The history of the delicate business of investigating corrupt police officers is a long one. When Sir Robert Mark arrived at Scotland Yard as its new commissioner in 1972, he famously announced that it was his intention to “arrest more criminals than he employed”.
This was an era when a “little firm within a firm”, as the bent cops cheerfully described themselves, operated in Britain’s largest police force and corruption, in the shape of accepting back-handers and planting evidence, was rife. In 1973, three members of the Met’s drugs squad were jailed at the Old Bailey and told by the judge, Melford Stevenson, that they had “poisoned the wells of criminal justice… and not the least grave aspect of what you have done is provide material for the crooks, cranks and do-gooders who unite to attack the police whenever the opportunity occurs.”
Worse was to follow. In 1976, a further scandal concerning the “Porn Squad” in Soho led to the departure of more than 60 Scotland Yard detectives. Gilbert Kelland, the then assistant commissioner of the Met, said later, “We strongly believed that, for the eventual benefit of the force, the crow of corruption had to be nailed to the barn door to convince and remind everyone of the need for positive action and eternal vigilance.”
Twenty years later, another commissioner, Sir Paul Condon, told a House of Commons select committee in 1997 that there could still be more than 200 wrong ’uns on the payroll. “I honestly believe I command the most honourable large city police service in the world,” he said. “However, I do have a minority of officers who are corrupt, dishonest, unethical… They commit crimes, they neutralise evidence in important cases and they betray police operations and techniques to criminals… they are very difficult to target and prosecute.”
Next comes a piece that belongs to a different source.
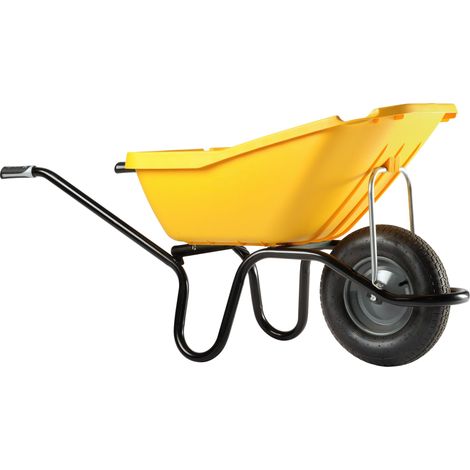 Haemmerlin – Brouette de jardin 110 l – Charge utile 160 kg – Caisse polypro jaune résistante aux chocs – Roue gonflée Ø 400 mm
So how are those “rotten apples” spotted and plucked? The names of anti-corruption branches have changed over the years. In the Met, what was once called A10 was replaced by CIB1 and CIB2 and is now the less snappy Directorate of Professional Standards.
Other forces also have their own Professional Standards Departments, although smaller, provincial forces may pool their resources. The nicknames for these units have changed, too. Once they were the “Ghost Squad” or the “Untouchables” and their detectives known as the “rubber heels” because of the unobtrusive way in which they had to operate. In their less effective days, some were dismissed by cynical detectives as “the muppets”.
What do their fellow officers think of them?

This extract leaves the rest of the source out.